George was consecrated as bishop in Constantinople. During his time as bishop of Amastris, George presided over the return of the remains of John of Gothia to the latter's native city of Parthenia, Crimea. George died early in the reign of Emperor Nikephoros I, of whom George was a notable supporter.

He is recognized as a saint in the Orthodox liturgy, and his feast-day is 21 February.

==Hagiography==
George is the subject of a hagiography preserved in a single manuscript dating to the 10th century. In it, the saint is credited with several miracles, including saving the city from a raid by the hitherto-unknown Rus', who intended to despoil the saint's tomb.

The accuracy of this information is open to question, and depends on the dating of its composition: Vasily Vasilievsky and Ihor Ševčenko have attributed it to George's near-contemporary Ignatios the Deacon, with a date of composition sometime before 842, whereas Germaine da Costa-Louillet and Wanda Wolska-Conus considered it a later, 10th-century work. Athanasios Markopoulos further suggested that while the bulk of the work is to be attributed to Ignatios, the Russian episode was a later addition, under the influence of Patriarch Photios. The significance of the episode's authenticity lies in its being possibly the first recorded attack by the Rus' against Byzantium.

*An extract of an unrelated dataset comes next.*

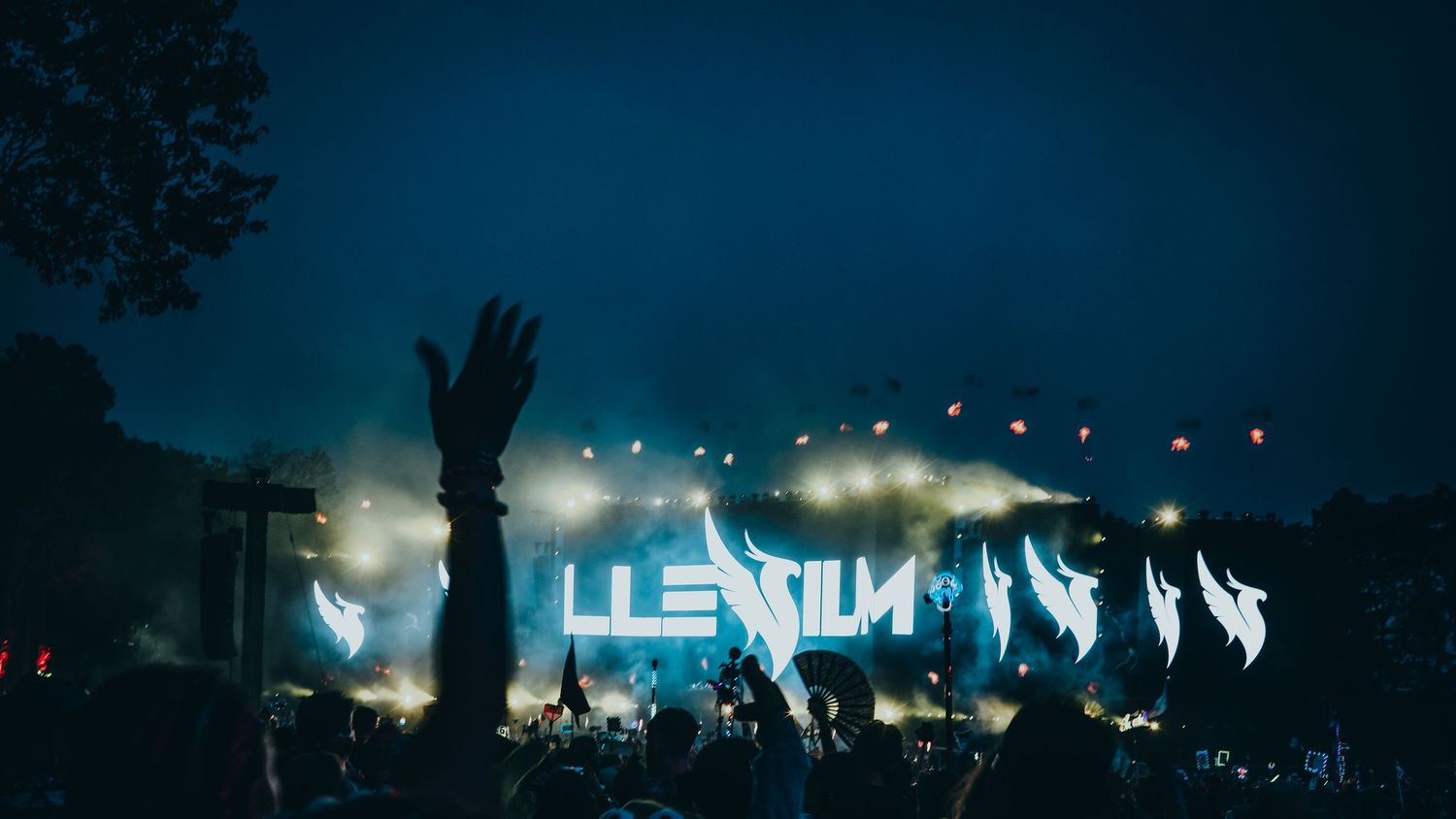 Illenium performing live at an outdoor music festival with dramatic fog and blue stage lighting.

Despite his close ties to Empress Irene of Athens and Nikephoros I, the hagiography is noteworthy for its "lack of anti-Iconoclastic invective". As a result, and because of some similarities in the treatment of Emperor Nikephoros I to Nikephoros II Phokas Alexander Kazhdan suggested a date of composition towards the end of the 10th century.

===Editions===
- V. Vasilievsky (ed.) Russko-vizantijskie issledovanija 2 (St. Petersburg: 1893), 1-73.
- Greek text available at the Dumbarton Oaks Hagiography Database.
- English translation by Jenkins, et al. from the University of Notre Dame.